Dirigido por Juan José Jusid , o longa conta a história de Pablo (Pablo Rago), um engenheiro argentino que, vivendo e trabalhando no Brasil na companhia de sua bela namorada Lucy (Débora Nascimento), se vê obrigado a voltar para sua terra natal. O motivo? Seu filho adolescente Andrés (Tomás Wicz) passa por uma crise que mescla problemas na escola, um histórico de violência e isolamento. Partindo em uma road trip com o jovem, Pablo é confrontado com sua paternidade, as dores do filho e as suas próprias.

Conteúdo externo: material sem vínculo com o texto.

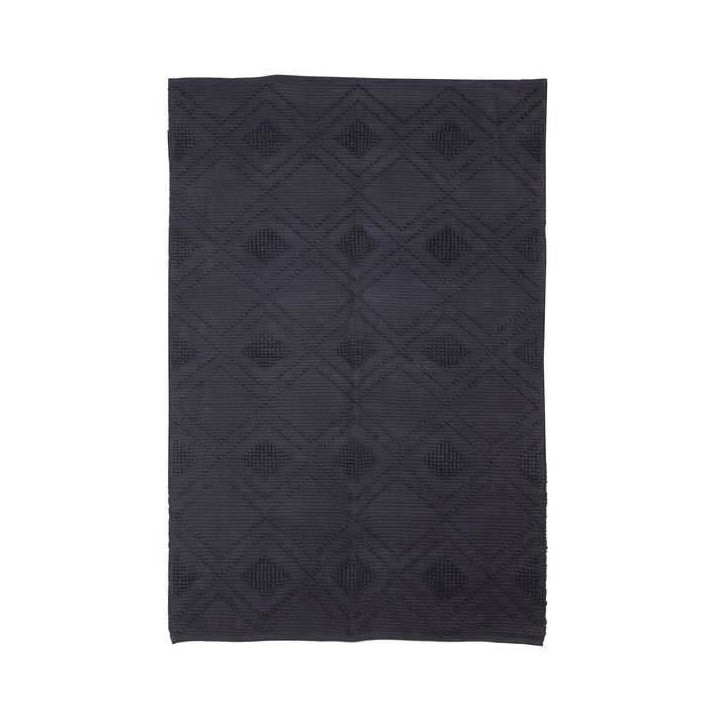 Tapis bouclette - Bleu fumé - 100% coton - 120 x 180 cm - Intérieur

Olhando-se apenas ao plot, a sensação é a de que algo bom pode sair daí. Temas fortes e importantes como amor, morte, suicídio, alcoolismo e armas são servidos à farta nos seus 87 minutos. O problema é a indigestão que paira sobre cada cena, causada por um roteiro e uma direção extremamente pesados, incapazes de criar qualquer arremedo de sutileza.
A produção também sofre por um excesso de didatismo que faz com que cada mínima sugestão seja obrigatoriamente mostrada de forma explicita. É uma narrativa que não deixa espaços para que o espectador preencha lacunas com sua própria imaginação. Pra se ter uma ideia da necessidade que se tem em mostrar tudo, foi difícil não controlar o riso quando a secretária do Pablo só se dirige a ele usando o vocativo “engenheiro”. Somos brindados por frases como “Engenheiro, tem uma mensagem pra você” ou “Engenheiro, a direção quer saber se você estará presente”.

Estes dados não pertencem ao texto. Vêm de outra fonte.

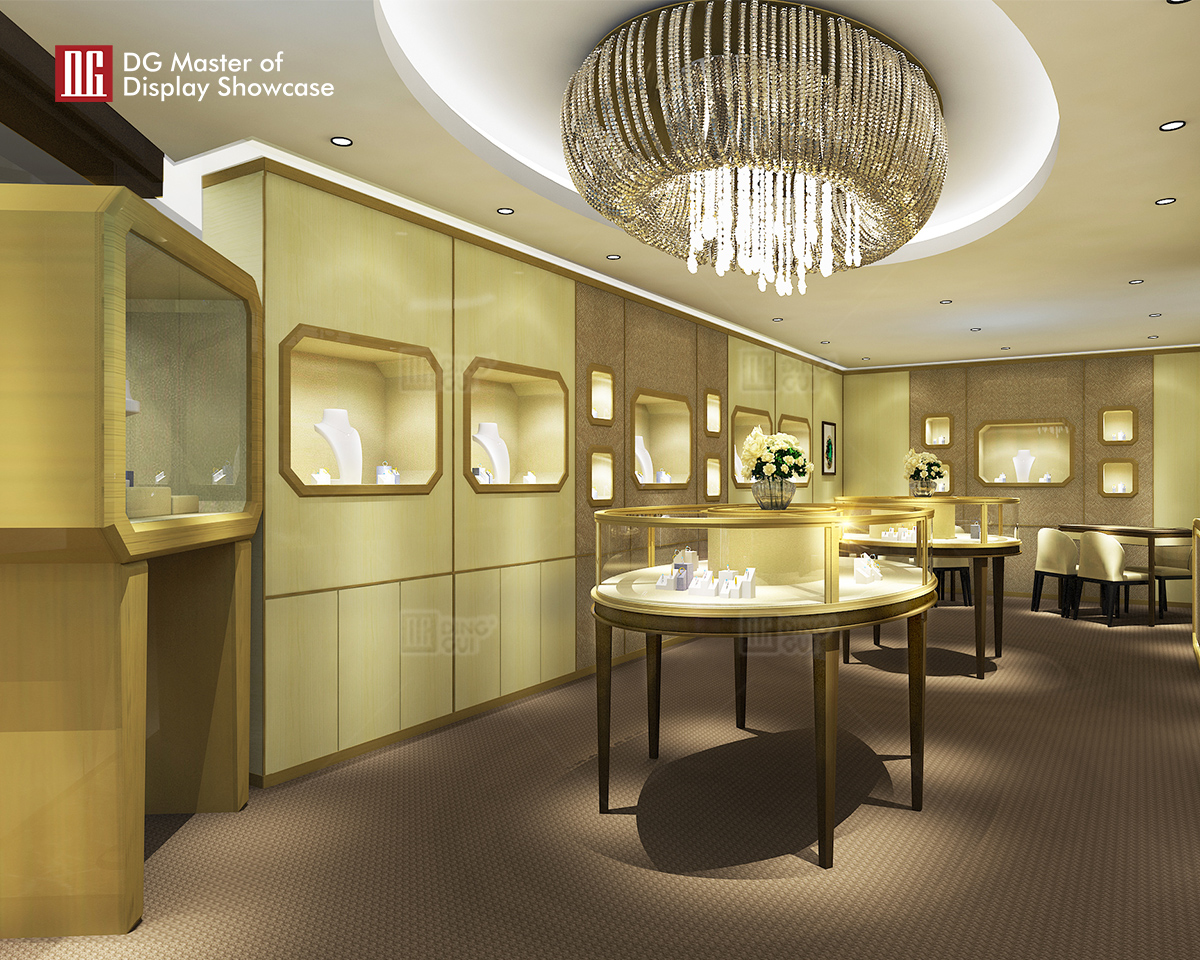 DG Showcase Luxury jewelry store showcase design jewellery display cabinet decoration 8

Ainda no campo de roteiro e direção, algumas cenas enfiam os dos pés totalmente na jaca da breguice. A falta de delicadeza é tamanha, que momentos de puro drama sucumbem ante a força do kitsch. Chega a ser constrangedor.
Essa total ausência de refinação acaba por lançar lama na atuação dos atores. Rago e Cecilia Dopazo (Ana, a mãe de Andrés) batem cabeça perdidos que estão em um texto que não é actor friendly. As poucas cenas de Débora Nascimento são suficientes para enrubescer rostinhos mais sensíveis. Com a garra congênita dos argentinos e a força que atores jovens buscam sabe-se lá de onde, Tomás Wicz é responsável pelos melhores momentos do longa, mas, como ele é ator e não demiurgo, sua atuação acaba se dobrando ao peso envergador que roteiro e direção impõem. Uma pena.
Nos aspectos mais técnicos, a produção não faz feio, mas também não impressiona. Fotografia adequada, direção de arte quase imperceptível, figurinos ok. A edição sofre pelo efeito do todo.
É, leitor Metafictions, essa viagem acabou se revelando realmente inesperada. Mas não pelos motivos certos.